Que serions-nous devenus sans lui ? Des hauts-fonctionnaires ? Des responsables sanitaires ? Des animateurs télé ? Roland Topor (1938-1997) a protégé la jeunesse française des ambitions tristes et des promotions assassines, durant les dynamiques années 1980. Il a forgé, par le dessin, le texte ou l’image animée, notre amertume goguenarde et notre distance rieuse face à une société en panique.

Distorsion et décalage

Il a notifié aux adultes notre refus de la spécialisation. Son génie touche-à-tout guidait notre errance adolescente d’alors. Partout ailleurs, dans les médias ou à l’école, on essayait de nous préparer au scalp de la mondialisation, on nous exhortait à devenir des entrepreneurs et des gagnants du système, Topor nourrissait notre désespoir par d’étranges signaux.
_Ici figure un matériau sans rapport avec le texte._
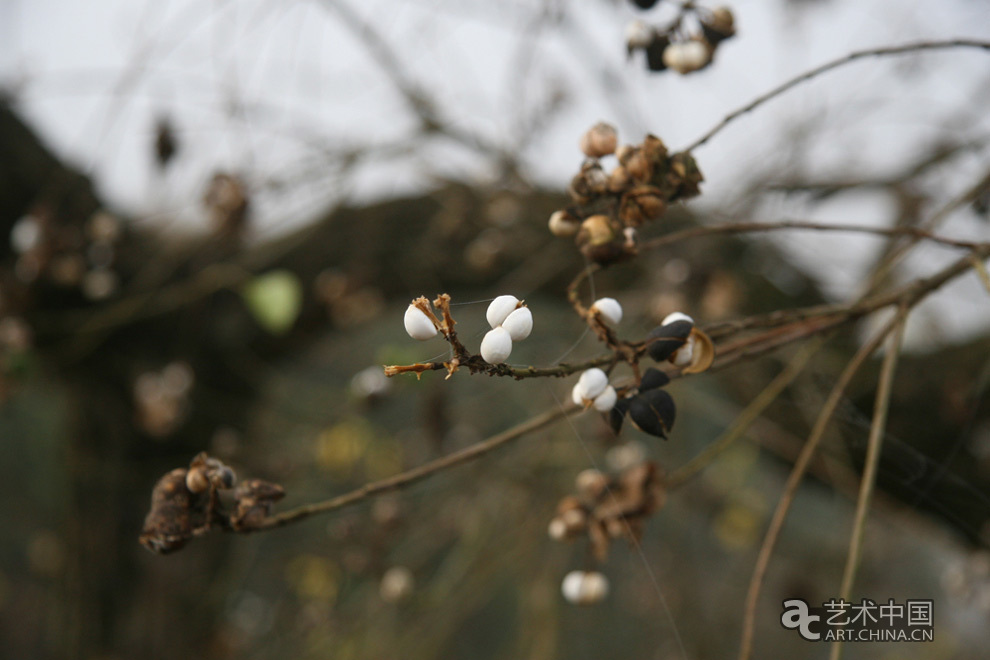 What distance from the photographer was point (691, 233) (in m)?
0.47

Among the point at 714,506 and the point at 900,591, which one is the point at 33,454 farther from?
the point at 900,591

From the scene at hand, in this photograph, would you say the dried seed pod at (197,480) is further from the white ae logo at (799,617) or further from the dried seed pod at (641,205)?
the white ae logo at (799,617)

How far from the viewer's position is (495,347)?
29cm

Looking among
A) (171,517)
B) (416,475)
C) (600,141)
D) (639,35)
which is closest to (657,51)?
(639,35)

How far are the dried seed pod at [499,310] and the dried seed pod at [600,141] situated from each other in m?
0.18

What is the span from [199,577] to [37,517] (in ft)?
4.16

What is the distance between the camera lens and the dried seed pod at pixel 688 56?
492mm

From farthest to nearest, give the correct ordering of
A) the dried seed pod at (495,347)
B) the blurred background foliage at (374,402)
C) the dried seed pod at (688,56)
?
the blurred background foliage at (374,402) → the dried seed pod at (688,56) → the dried seed pod at (495,347)

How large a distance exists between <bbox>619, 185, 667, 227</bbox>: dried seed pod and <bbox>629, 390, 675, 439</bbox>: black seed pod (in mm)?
131

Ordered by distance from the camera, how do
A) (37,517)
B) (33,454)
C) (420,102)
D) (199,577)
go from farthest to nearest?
(33,454) < (37,517) < (199,577) < (420,102)

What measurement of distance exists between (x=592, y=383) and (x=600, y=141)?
0.63ft

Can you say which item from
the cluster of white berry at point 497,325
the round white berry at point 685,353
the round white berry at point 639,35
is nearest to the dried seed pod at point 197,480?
the cluster of white berry at point 497,325

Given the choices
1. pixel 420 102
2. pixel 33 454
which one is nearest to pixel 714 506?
pixel 420 102

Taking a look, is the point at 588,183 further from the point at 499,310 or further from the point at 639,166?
the point at 499,310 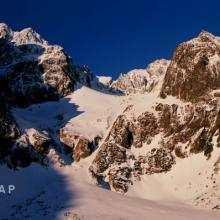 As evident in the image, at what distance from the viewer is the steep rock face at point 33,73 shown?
94.7 metres

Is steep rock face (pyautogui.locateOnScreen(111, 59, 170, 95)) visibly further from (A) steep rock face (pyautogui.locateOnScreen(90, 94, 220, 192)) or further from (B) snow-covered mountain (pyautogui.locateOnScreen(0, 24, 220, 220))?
(A) steep rock face (pyautogui.locateOnScreen(90, 94, 220, 192))

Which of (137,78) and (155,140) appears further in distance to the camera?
(137,78)

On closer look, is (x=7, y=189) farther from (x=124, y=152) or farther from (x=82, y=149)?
(x=124, y=152)

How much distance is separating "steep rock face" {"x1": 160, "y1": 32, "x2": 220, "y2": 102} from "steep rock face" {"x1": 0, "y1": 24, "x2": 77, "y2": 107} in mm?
25485

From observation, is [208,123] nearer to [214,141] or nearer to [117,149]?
[214,141]

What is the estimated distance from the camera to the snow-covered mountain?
155 ft

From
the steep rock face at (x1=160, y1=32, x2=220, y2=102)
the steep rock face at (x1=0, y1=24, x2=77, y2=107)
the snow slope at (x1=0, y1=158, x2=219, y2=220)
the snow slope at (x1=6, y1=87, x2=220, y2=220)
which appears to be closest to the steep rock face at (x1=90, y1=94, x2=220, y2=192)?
the snow slope at (x1=6, y1=87, x2=220, y2=220)

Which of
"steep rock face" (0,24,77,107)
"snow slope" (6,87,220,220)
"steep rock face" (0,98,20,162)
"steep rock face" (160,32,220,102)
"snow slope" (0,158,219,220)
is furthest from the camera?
"steep rock face" (0,24,77,107)

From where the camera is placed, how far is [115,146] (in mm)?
72750

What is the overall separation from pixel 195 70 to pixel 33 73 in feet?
119

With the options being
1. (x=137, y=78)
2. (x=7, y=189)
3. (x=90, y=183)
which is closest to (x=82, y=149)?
(x=90, y=183)

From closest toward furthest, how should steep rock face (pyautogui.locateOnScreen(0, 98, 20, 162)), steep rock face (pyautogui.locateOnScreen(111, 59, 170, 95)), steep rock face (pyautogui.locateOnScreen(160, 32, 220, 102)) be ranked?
steep rock face (pyautogui.locateOnScreen(0, 98, 20, 162)) < steep rock face (pyautogui.locateOnScreen(160, 32, 220, 102)) < steep rock face (pyautogui.locateOnScreen(111, 59, 170, 95))

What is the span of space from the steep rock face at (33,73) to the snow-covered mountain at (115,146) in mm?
240

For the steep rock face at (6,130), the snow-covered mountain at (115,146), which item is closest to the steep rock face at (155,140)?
the snow-covered mountain at (115,146) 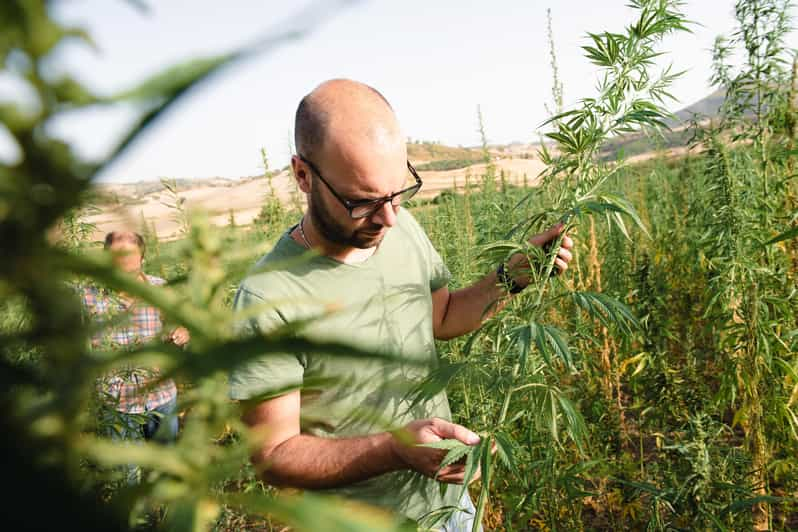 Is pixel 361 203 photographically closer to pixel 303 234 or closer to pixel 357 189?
pixel 357 189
Des illustrations sombres et inquiétantes, le trait hachuré qui engloutit l’esprit par une noirceur salvatrice et un auteur au regard pénétrant qui se rit du désastre en marche. Un large sourire à la Joker, mélange de timidité et de colère froide illuminait un visage dont on se souvenait longtemps. Avant de mettre une tête sur des illustrations, le jeune public eut une révélation avec la diffusion de « Téléchat » en 1983, dans l’émission Récré A2.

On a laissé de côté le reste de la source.